[Stored entries]
____________
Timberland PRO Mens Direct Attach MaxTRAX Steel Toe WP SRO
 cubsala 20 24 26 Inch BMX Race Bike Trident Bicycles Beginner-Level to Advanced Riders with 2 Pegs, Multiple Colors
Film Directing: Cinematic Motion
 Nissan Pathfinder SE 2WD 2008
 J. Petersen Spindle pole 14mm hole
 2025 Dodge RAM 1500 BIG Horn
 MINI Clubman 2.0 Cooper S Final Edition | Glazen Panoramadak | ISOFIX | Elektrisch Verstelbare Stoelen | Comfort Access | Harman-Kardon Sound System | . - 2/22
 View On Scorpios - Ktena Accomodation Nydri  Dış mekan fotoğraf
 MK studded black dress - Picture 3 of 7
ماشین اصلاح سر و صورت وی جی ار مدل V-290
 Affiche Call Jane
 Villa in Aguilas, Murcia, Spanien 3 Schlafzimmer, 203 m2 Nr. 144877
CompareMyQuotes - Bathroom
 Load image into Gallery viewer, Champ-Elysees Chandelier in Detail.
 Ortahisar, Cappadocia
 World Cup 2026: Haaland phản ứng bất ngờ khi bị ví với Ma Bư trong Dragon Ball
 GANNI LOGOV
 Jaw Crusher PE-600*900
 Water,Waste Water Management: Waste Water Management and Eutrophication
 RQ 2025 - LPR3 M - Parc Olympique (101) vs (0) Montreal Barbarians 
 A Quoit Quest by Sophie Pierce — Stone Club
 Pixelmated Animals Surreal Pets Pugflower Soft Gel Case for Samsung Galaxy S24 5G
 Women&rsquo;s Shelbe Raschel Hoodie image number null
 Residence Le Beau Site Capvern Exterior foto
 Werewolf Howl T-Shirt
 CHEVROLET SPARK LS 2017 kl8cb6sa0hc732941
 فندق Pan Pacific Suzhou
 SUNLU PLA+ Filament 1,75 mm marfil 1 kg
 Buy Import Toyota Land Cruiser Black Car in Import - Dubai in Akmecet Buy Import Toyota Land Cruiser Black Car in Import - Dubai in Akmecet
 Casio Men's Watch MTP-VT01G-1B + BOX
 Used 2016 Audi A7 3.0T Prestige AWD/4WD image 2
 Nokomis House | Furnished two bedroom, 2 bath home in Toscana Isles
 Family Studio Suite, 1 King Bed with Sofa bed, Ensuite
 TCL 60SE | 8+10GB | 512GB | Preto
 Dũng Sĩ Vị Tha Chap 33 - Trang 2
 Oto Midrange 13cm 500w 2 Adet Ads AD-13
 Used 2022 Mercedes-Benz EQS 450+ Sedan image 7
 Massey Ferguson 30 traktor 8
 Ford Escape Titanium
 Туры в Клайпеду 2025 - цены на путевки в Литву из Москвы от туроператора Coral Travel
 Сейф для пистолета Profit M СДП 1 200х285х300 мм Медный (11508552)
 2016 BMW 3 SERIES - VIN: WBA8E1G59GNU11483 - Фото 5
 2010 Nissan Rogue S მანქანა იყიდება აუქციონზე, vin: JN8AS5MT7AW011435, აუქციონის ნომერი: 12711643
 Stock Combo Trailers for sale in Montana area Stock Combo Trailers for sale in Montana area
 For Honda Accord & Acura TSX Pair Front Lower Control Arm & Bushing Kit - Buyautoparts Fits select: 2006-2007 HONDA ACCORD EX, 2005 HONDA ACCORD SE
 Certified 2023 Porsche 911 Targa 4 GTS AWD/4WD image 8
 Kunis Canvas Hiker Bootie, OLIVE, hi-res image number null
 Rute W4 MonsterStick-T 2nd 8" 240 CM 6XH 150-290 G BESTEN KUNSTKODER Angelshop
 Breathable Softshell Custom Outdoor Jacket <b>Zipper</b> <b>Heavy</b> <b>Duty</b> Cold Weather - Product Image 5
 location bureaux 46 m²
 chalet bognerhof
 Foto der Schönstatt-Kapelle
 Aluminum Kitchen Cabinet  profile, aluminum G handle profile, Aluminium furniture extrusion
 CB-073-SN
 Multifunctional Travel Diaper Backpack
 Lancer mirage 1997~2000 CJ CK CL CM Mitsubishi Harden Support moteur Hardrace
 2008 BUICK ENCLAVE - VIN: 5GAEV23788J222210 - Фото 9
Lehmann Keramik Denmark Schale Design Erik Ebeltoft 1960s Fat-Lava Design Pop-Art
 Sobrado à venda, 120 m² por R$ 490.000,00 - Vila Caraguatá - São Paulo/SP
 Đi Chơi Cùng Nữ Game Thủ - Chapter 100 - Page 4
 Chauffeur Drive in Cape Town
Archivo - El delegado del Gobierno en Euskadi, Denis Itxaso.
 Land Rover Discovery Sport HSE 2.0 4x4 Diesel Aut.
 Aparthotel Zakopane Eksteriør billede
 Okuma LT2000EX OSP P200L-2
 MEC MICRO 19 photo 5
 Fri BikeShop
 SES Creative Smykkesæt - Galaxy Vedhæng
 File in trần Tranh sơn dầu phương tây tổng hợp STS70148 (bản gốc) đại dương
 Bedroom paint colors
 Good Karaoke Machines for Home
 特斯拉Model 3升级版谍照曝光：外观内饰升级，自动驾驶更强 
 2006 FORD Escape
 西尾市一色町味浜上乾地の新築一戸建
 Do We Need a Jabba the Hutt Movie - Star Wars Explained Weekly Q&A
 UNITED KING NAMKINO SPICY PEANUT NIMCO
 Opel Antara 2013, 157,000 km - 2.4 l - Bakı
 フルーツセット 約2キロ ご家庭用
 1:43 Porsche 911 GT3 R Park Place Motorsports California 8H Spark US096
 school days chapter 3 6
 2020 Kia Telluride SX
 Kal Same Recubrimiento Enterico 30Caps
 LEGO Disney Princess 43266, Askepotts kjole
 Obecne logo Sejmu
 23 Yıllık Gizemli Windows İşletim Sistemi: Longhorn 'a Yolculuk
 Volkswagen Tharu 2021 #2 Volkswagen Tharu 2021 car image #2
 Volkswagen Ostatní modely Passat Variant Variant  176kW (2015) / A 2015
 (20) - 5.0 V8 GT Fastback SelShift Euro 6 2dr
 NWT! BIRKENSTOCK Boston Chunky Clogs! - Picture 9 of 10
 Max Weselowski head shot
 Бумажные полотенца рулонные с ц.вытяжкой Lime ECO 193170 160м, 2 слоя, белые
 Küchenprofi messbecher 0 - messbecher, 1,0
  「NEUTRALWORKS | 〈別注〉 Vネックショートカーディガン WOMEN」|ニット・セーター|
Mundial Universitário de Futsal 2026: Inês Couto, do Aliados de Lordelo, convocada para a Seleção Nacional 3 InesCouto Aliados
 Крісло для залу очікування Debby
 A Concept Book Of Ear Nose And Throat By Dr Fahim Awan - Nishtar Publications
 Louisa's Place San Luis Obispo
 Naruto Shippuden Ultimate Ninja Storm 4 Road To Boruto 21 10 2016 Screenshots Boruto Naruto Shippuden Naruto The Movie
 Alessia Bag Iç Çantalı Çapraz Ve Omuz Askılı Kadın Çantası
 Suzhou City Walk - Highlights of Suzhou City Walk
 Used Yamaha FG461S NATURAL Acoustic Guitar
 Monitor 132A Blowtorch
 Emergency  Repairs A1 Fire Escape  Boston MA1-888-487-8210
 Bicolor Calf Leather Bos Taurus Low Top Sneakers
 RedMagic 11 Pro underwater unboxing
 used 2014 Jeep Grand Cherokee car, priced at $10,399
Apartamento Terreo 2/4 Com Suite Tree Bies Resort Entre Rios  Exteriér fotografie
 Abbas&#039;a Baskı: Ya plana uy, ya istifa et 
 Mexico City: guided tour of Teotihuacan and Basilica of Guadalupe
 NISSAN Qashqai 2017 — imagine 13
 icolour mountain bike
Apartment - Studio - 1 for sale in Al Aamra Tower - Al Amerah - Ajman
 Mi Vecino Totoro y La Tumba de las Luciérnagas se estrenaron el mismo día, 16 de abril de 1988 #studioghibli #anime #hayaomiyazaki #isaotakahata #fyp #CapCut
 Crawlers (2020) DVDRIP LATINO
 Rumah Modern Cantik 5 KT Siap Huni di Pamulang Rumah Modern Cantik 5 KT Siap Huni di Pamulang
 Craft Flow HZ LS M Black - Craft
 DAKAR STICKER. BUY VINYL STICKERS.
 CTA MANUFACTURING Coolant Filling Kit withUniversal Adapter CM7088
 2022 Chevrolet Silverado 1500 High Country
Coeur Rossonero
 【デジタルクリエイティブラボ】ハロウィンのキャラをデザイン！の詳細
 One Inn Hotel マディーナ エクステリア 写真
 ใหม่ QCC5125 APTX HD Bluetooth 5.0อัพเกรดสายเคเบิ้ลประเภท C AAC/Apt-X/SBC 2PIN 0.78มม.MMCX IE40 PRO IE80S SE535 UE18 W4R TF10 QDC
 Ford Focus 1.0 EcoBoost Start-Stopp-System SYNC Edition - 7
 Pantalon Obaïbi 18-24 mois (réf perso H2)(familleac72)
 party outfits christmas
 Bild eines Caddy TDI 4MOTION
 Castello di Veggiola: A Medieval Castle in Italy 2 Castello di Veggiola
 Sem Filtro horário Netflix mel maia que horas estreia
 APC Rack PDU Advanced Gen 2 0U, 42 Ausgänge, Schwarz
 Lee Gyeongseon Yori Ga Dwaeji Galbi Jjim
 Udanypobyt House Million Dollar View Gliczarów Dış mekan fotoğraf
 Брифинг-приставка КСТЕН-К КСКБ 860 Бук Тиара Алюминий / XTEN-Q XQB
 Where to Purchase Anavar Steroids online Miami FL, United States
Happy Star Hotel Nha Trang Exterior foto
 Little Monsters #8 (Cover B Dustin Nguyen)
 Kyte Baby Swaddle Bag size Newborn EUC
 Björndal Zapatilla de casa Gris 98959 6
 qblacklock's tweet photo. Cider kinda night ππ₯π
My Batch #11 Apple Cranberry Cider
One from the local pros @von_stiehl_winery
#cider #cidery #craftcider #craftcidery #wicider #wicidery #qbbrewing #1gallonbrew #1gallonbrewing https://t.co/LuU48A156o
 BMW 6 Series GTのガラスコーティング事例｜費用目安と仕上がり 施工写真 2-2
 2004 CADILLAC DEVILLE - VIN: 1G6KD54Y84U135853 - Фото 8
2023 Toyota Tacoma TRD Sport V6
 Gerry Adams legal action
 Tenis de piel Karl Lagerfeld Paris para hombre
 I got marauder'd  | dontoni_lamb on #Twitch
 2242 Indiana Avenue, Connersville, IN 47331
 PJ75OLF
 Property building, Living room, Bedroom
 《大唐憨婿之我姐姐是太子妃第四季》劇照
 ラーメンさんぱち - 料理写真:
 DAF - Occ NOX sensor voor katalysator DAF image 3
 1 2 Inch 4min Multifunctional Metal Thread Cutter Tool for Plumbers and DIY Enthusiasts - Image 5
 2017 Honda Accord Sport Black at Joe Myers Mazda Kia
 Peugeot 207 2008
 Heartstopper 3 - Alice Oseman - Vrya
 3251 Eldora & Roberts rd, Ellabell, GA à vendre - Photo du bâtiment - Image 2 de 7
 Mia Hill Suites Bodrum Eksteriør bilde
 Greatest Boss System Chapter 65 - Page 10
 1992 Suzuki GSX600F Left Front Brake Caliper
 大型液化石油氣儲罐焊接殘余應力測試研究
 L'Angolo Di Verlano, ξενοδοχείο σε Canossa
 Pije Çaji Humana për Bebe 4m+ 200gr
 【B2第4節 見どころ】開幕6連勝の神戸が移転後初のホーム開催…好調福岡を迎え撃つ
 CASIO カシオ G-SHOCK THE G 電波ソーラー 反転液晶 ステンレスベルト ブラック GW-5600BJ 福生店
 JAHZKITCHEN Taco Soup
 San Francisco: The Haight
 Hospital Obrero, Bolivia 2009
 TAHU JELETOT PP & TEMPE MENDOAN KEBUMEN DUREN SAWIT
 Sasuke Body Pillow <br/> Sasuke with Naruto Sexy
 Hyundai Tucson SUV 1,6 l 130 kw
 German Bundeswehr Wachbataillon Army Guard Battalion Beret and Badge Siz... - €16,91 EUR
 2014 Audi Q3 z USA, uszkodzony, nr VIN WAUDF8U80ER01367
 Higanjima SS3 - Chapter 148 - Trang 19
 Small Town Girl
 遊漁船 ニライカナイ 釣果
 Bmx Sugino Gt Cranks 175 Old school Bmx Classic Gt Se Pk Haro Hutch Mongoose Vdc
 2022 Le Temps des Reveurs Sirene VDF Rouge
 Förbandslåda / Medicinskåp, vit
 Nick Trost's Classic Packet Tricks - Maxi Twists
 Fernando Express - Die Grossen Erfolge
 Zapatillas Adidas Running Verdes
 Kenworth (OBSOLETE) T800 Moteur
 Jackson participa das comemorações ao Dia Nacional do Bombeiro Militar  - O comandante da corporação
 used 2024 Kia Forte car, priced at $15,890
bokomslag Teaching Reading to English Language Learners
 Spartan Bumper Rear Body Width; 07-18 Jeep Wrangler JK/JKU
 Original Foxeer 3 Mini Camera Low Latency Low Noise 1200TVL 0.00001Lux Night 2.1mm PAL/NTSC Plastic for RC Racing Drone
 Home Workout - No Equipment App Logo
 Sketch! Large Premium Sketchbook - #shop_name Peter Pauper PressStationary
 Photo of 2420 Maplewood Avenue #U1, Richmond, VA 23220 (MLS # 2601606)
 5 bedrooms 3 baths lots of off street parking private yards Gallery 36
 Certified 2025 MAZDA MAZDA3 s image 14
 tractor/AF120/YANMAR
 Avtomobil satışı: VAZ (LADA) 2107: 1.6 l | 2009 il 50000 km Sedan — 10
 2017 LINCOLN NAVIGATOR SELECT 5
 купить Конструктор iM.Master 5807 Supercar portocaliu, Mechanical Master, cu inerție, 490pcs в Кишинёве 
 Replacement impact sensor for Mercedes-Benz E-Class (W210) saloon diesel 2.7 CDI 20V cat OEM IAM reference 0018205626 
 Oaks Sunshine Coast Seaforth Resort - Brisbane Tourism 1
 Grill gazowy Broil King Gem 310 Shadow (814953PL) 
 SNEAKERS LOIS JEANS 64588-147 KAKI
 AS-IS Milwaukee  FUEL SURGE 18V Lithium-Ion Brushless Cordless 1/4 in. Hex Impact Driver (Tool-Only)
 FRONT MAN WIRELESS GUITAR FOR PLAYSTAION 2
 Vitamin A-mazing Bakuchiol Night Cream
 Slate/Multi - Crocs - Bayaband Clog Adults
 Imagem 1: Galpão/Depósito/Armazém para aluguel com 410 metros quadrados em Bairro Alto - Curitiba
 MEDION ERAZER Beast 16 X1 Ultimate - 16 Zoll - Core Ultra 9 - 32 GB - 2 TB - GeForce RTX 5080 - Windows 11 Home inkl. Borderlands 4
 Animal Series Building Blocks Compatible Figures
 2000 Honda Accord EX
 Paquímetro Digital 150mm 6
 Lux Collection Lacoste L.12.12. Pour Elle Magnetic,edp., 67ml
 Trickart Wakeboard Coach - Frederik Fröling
____________
» WHAT TO DO:
Could you restate, word for word, the lines above from the one with "GANNI LOGOV" to the one with "Werewolf Howl T-Shirt", both included?

» YOUR RESPONSE:
 GANNI LOGOV
 Jaw Crusher PE-600*900
 Water,Waste Water Management: Waste Water Management and Eutrophication
 RQ 2025 - LPR3 M - Parc Olympique (101) vs (0) Montreal Barbarians 
 A Quoit Quest by Sophie Pierce — Stone Club
 Pixelmated Animals Surreal Pets Pugflower Soft Gel Case for Samsung Galaxy S24 5G
 Women&rsquo;s Shelbe Raschel Hoodie image number null
 Residence Le Beau Site Capvern Exterior foto
 Werewolf Howl T-Shirt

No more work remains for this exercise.